Winchester lo miró con ojos de adoración, color chocolate fundido. Alain soltó el aire, movió la cabeza y rodeó al animal. Winchester lo siguió, pisándole los talones.

—Tu perro no deja de seguirme —rezongó Alain, mirando a lo que se había convertido en su sombra de cuatro patas.

Kayla estaba inclinada sobre la chimenea, haciendo el desayuno. El resto de los perros esperaban pacientemente a que les diera de comer. Ella miró por encima del hombro y sonrió.

—Me he dado cuenta. Creo que te ha adoptado.

—Pues dile que me «desadopte» —farfulló Alain, pensando que sólo le faltaba eso. Fue lentamente hasta el sofá. Winchester cojeó tras él, intentando no interponerse en su camino.

Kayla transfirió el desayuno de la parrilla a un plato. Fue hacia Alain y le ofreció el plato de beicon con huevos.

—Lo siento, no puedo hacer tostadas ahora —miró a Winchester, que se había tumbado a los pies de Alain y miraba el plato con anhelo. Estaba bien educado y nunca habría intentado robar un trozo sin que se lo ofrecieran—. Le gustas mucho.

Alain rezongó con desdén. Nunca había tenido una mascota, ni siquiera de niño, ni quería tenerla.

—Creo que se siente culpable por haber conseguido que mi coche se estrellara —dijo. En cuanto tomó un bocado se dio cuenta del hambre que tenía. Le costó cierto esfuerzo no devorar el resto del plato como un lobo.

—Los perros no sienten culpabilidad —dijo Kayla con una sonrisa tolerante. Se sentó en el brazo del sofá.

—Supongo que eso les da ventaja respecto a los humanos —dijo Alain, pensando en el caso que llevaba en esos momentos. Su cliente no parecía sentir el más mínimo remordimiento porque su herencia dejase sin nada a los hijos de su marido fallecido—. Al menos algunos —corrigió.

—Todo el mundo se siente culpable de algo —afirmó Kayla.
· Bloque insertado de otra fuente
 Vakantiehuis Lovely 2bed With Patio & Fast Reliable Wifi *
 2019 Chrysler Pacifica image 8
Ariel frotó la cabeza contra su pierna y ella la acarició, pensativa—. La cuestión es si actúan en consecuencia o no.

—¿De qué te sientes culpable tú? —preguntó Alain, intrigado.

—Oh —ella pensó un momento. No había esperado esa pregunta. Taylor intentó apartar a Ariel para recibir algo de atención. Ella lo acarició también—. De no poder hacer más para salvar a estas magníficas criaturas.
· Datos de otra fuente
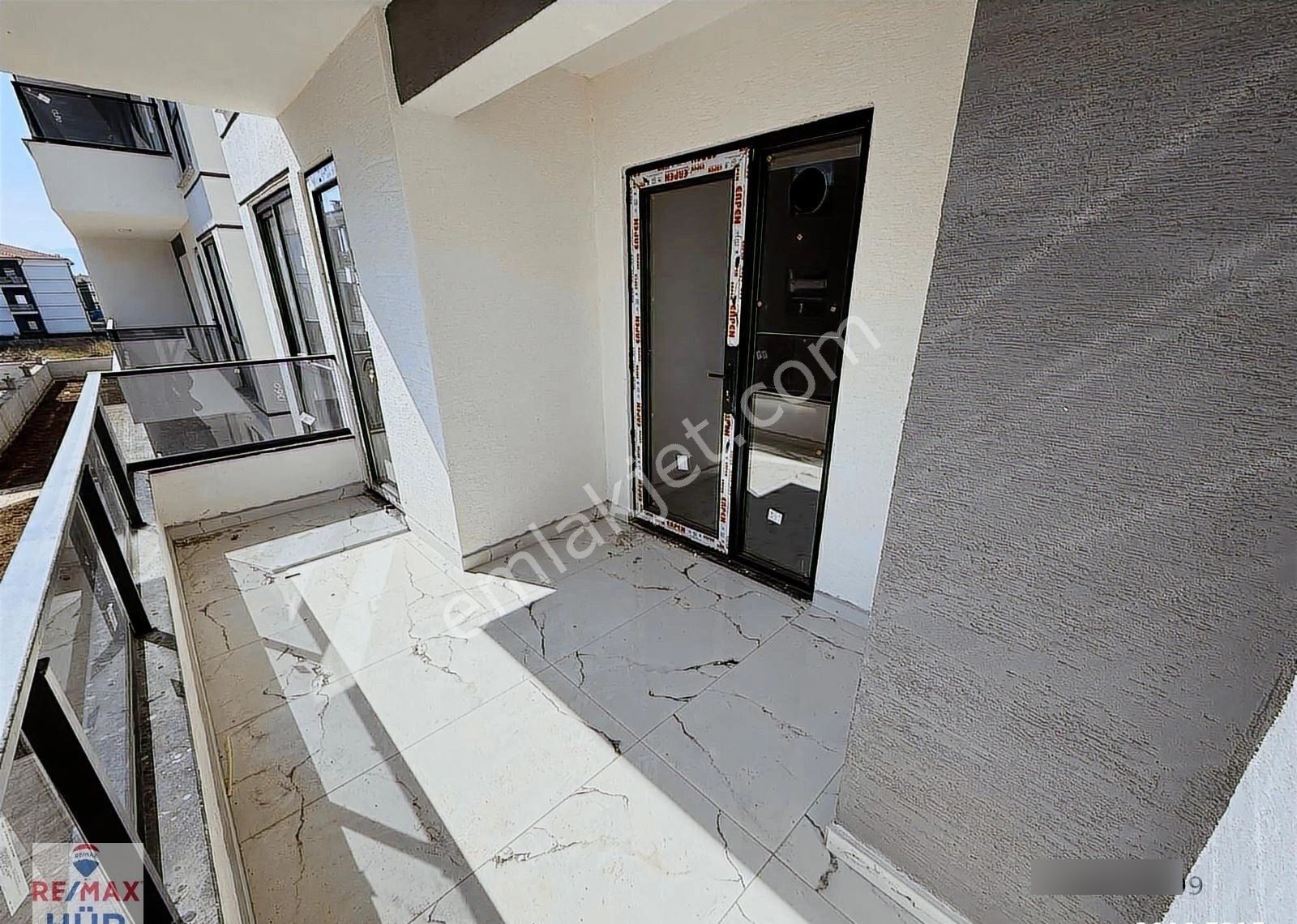 Ömer İnan Remax Hür Fatih Mah. 3+1 Sıfır Ferah Daire - Görsel 2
Alain miró hacia la chimenea, donde el resto de los perros seguía comiendo, y luego a los dos que buscaban sus caricias. Desde su punto de vista, hacía más que suficiente.

—Tienes siete perros y medio —comentó, incluyendo el medio porque la perra a la que llamaba Ginger estaba obviamente embarazada—. ¿Cuántos más podrías adoptar? —preguntó. «Sin que te considerasen una excéntrica», pensó.

Ella miró a los animales. Alain percibió su cariño y se preguntó por qué no lo compartía con alguien que pudiera apreciarlo y devolvérselo.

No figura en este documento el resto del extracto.